### DATA EXCERPT
_ _ _

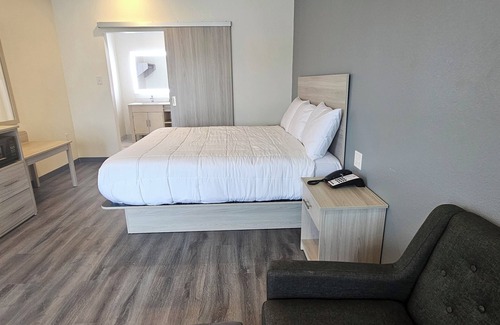 McNair Hotel | Palace Inn Baytown at Harrison St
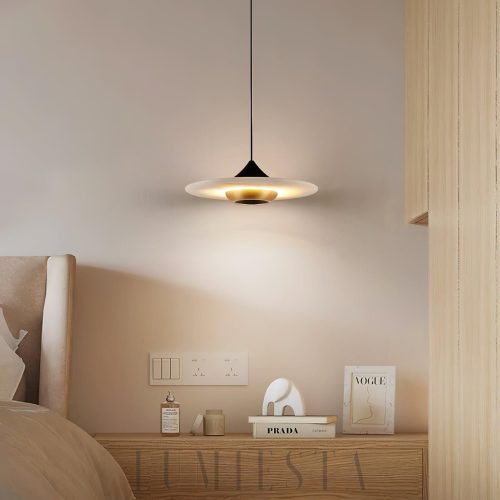 Stratford - lampa wisząca z alabastru, złote detale i czarny stelaż widziane z boku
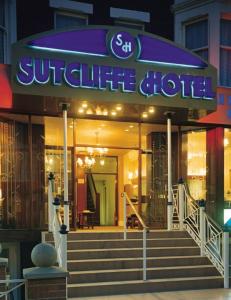 黑潭的住宿－薩特克利夫酒店，前面有紫色标志的地铁大楼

_ _ _

### TASK TO CARRY OUT
Leaving each image aside, repeat the listing above exactly.

### EXERCISE RESPONSE
 McNair Hotel | Palace Inn Baytown at Harrison St
 Stratford - lampa wisząca z alabastru, złote detale i czarny stelaż widziane z boku
 黑潭的住宿－薩特克利夫酒店，前面有紫色标志的地铁大楼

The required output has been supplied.